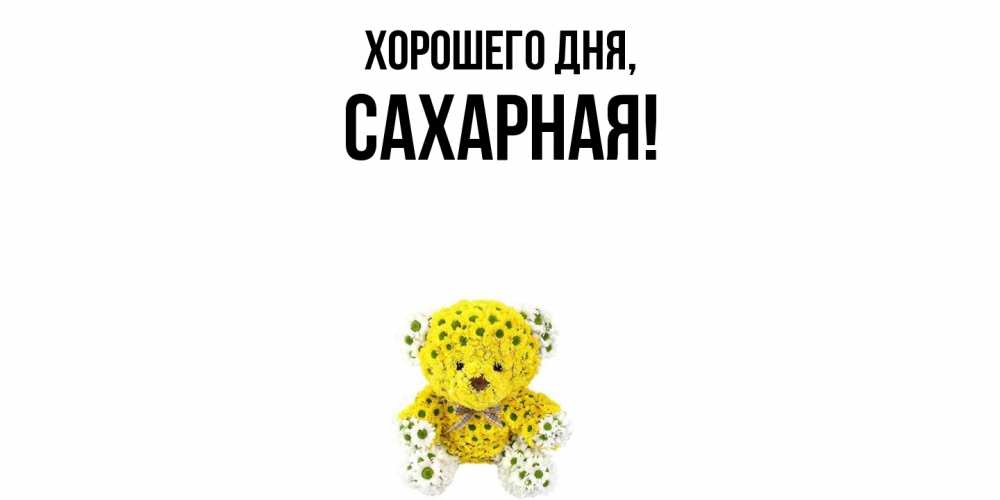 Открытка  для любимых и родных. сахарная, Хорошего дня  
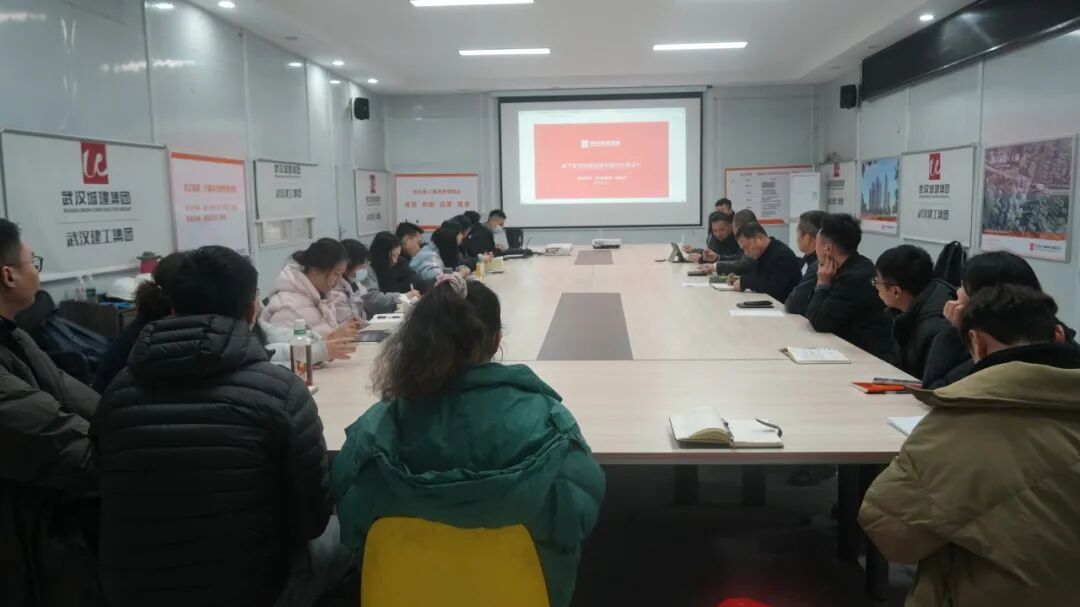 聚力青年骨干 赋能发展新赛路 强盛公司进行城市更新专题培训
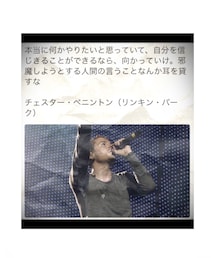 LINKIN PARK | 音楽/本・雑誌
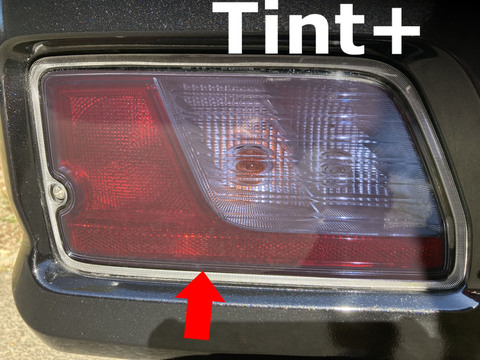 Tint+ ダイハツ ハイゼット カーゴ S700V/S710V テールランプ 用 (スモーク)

■ **EXERCISE INSTRUCTIONS**
Find the line that has "LINKIN PARK | 音楽/本・雑誌" in the listing, then retype it and each later line up to the last, exactly. Leave pictures out.

■ **EXPECTED ANSWER**
 LINKIN PARK | 音楽/本・雑誌
 Tint+ ダイハツ ハイゼット カーゴ S700V/S710V テールランプ 用 (スモーク)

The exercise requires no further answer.